Eskişehir’in Seyitgazi ilçesinde odun kömürü üretimi, her yıl Nisan ve Eylül ayları arasında aralıksız sürüyor. Özellikle mangal sezonunun en yoğun yaşandığı yaz aylarında büyük talep gören odun kömürü, ilçedeki üreticiler tarafından meşe ağaçları kullanılarak geleneksel yöntemlerle hazırlanıyor.

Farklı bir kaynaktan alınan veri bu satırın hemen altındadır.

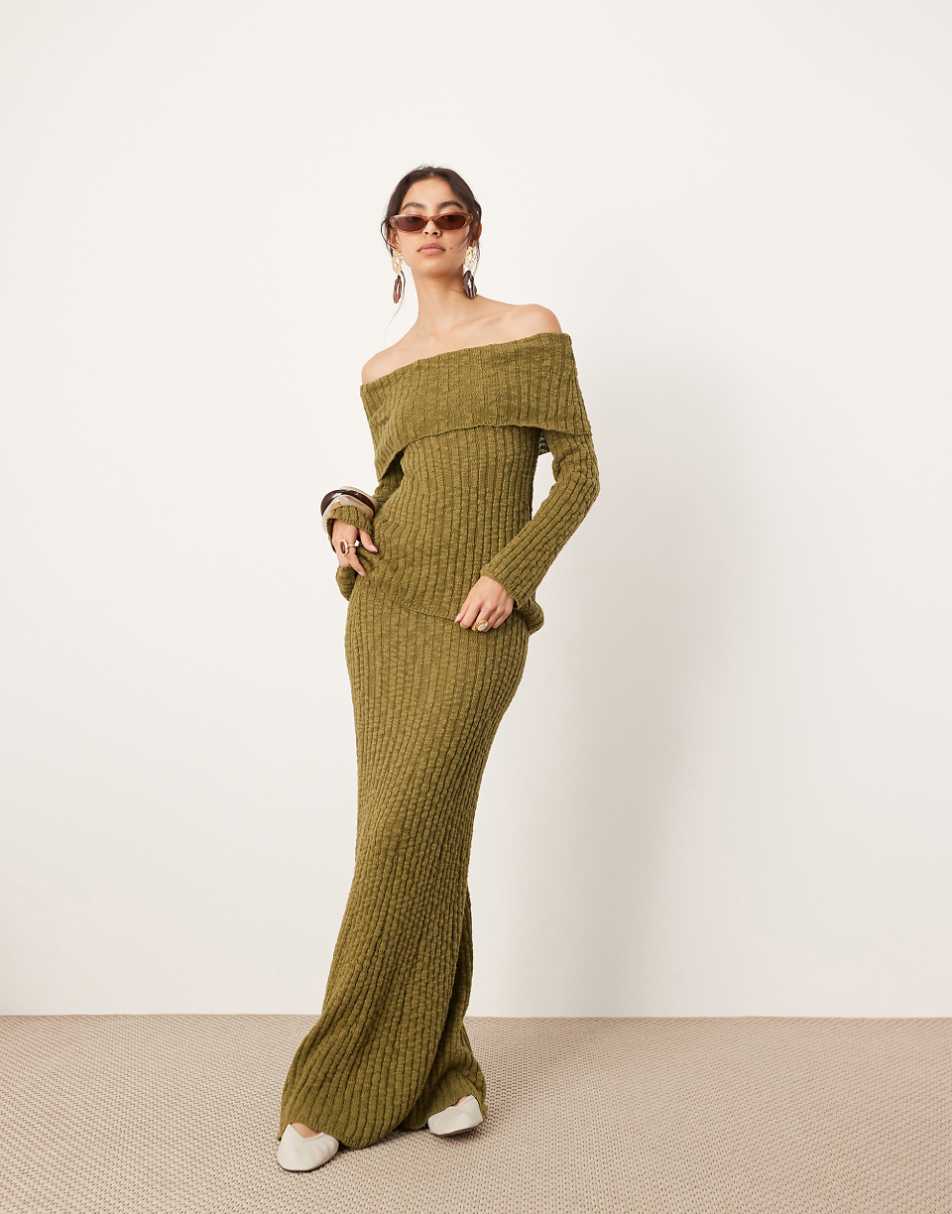 ASOS EDITION knit bardot layered long sleeve top in green - part of a set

Zahmetli bir süreçten geçen odun kömürü üretimi, meşe odunlarının 4 ila 5 farklı işlemden geçirilmesiyle tamamlanıyor. Üreticiler, meşeyi önce kesip istifliyor, ardından özel tekniklerle yaktıkları odunları kömür haline getiriyor. Bu süreçte kömür meşeleri günlerce kontrollü şekilde yanarken, çalışanlar da 24 saat boyunca nöbet tutarak ateşi denetliyor.

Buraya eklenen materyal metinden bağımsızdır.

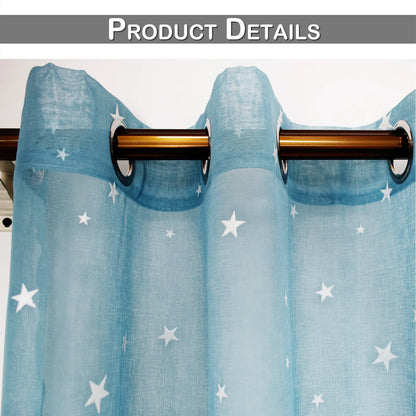 1 Panel Eyelets Window Sheer Curtains for Bedroom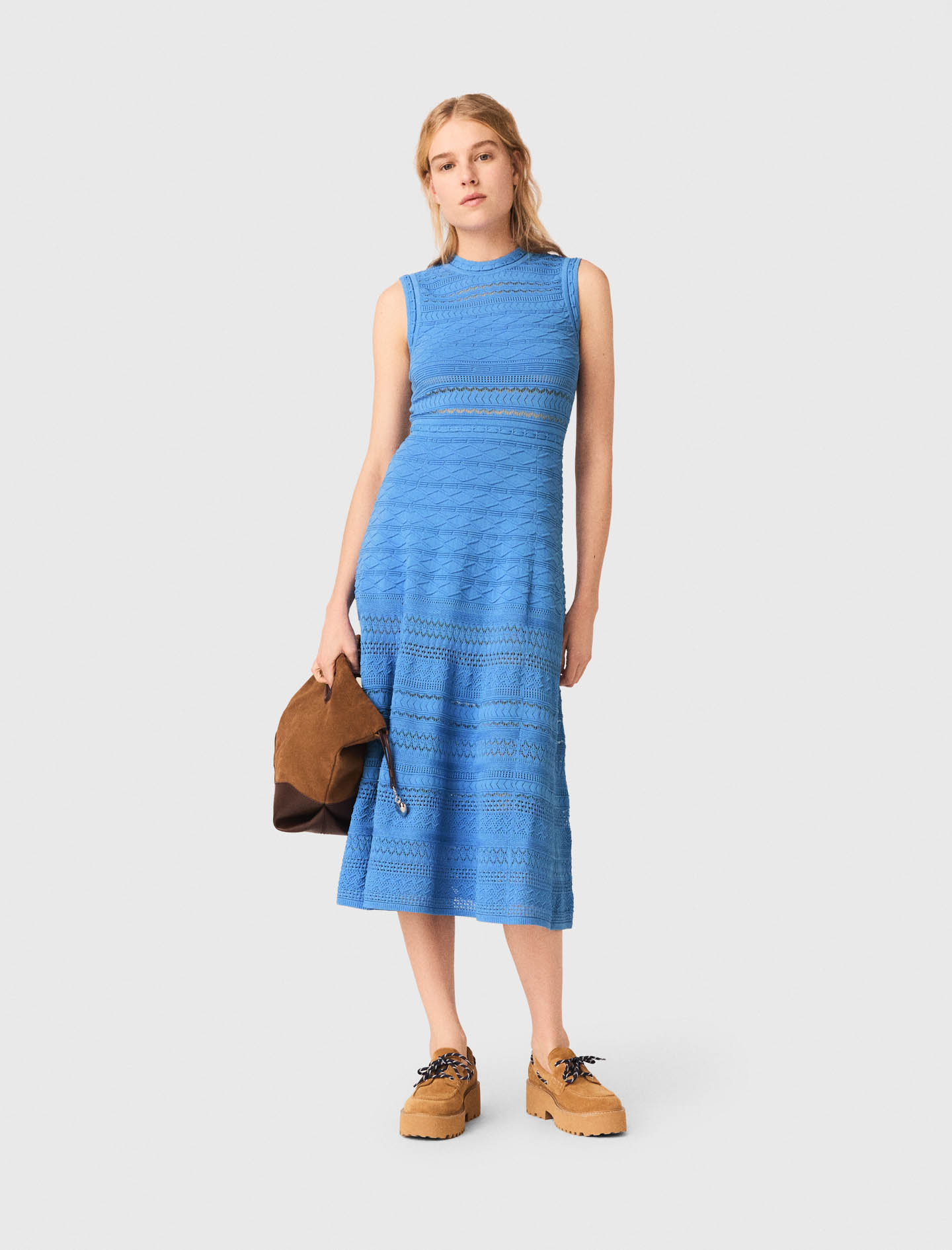 Abito Lungo In Maglia Pointelle - Blu - Taglia 44 - Maje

"TOZ DUMAN İÇİNDE KALIYORUZ AMA..."
Yılın 5 ayı üretimde olduklarını söyleyen 61 yaşındaki Nevzat Altıntaş, "Odunu dışarıdan getiriyoruz, burada kömür yapıyoruz. 3-4 kuyu var; 2 kuyu dışarıda, 2 kuyuda topraklama yapıyoruz. Onlarla birlikte ayda yaklaşık 35-40 ton kömür üretiliyor. Vatandaş bunun keyfini sürüyor, biz ise zahmetini çekiyoruz. Burada eziyetten başka bir şey yok. Kazanan da zaten tüccar, biz burada bir şey kazanamıyoruz. El emeğimizi 40 liraya veriyoruz ama hiçbir şey kazanamıyoruz. Dışarıdakiler fiyatlarımızı düşürüyor. Bazen aracılar gelip bizden 40 liraya alıyor, 60 liraya satıyor. Sadece pazar günleri Eskişehir'e gidiyoruz, geri kalan zamanlarda buradayız. Erzak için Seyitgazi'ye gidiyoruz. Buradan Eskişehir'e kömür götürdüğümüzde, oradan erzak tedarik ediyoruz. Burada biraz su sıkıntımız var, onun dışında pek sorunumuz yok. Nisanda geliyoruz, eylül ayına kadar burada kalıyoruz. Bir hayli zor oluyor. İş yaparken toz duman içinde kalıyoruz ama buna da alıştık" dedi.
"25 TON ODUN GELİYOR"
Kömürün üretim sürecini anlatan 60 yaşındaki Sakıp Şen ise şunları söyledi:
"Meşe odunu kamyonla, tırla geliyor. Yaklaşık 25 ton odun geliyor. Bunu 4-5 sefer elimizden geçiriyoruz. Ayırıyoruz, diziyoruz, kesiyoruz, samanlıyoruz, topraklıyoruz ve yakıyoruz. 15 gün bekliyoruz, gece gündüz başında duruyoruz. 15 gün sonra soğutuyoruz, sonra yavaş yavaş kuyuları açıyoruz. Kuyuların sistemi, eski sisteme göre daha iyi. 5 veya 6 ton odundan 1 ton kömür elde ediliyor. Yani koyduğun odunun hepsi kömür olmuyor. Hava şartları iyi giderse 5'de 1, kötü giderse 6'da 1 kömür çıkıyor. Adam bulamıyoruz. Adam bulsak beş ayda burada 100 ton kömür çıkarırız ama biz ancak yarısını, yani ortalama 50 ton kömür çıkarabiliyoruz. Millet, piknik alanlarında bunun keyfini sürüyor. Bir de fiyatlar pahalı diyor. Geliyorlar, 50 lira yüksek geliyor. Marketten aldığın kömür belli, 2 kilosu zaten 100 küsur lira, 160 lira. Kömür değil o. Marketten her gün alıyorsun. Bak, biz burada uğraşıyoruz, 24 saat bekliyoruz. Bunun yağmuru var, fırtınası var ama sefasını onlar çekiyor. Onlar yakıyor, sadece 'pıtır pıtır' yelpazeliyor. Yüzde 50'si mangal yakmayı bile bilmiyor. Alıyorlar gidiyorlar, 'Yakıyoruz' diyorlar, habire yakıyorlar. O yakanlar bizim için iyi müşteri. Bilen adam bizim için iyi müşteri değil. O güzel yakıyor, 10 kilo kömürü 2 ayda yakıyor. Öbürü 15 günde yakıyor. O, bizim için çok güzel müşteri. Ben onları gözlerinden öpüyorum."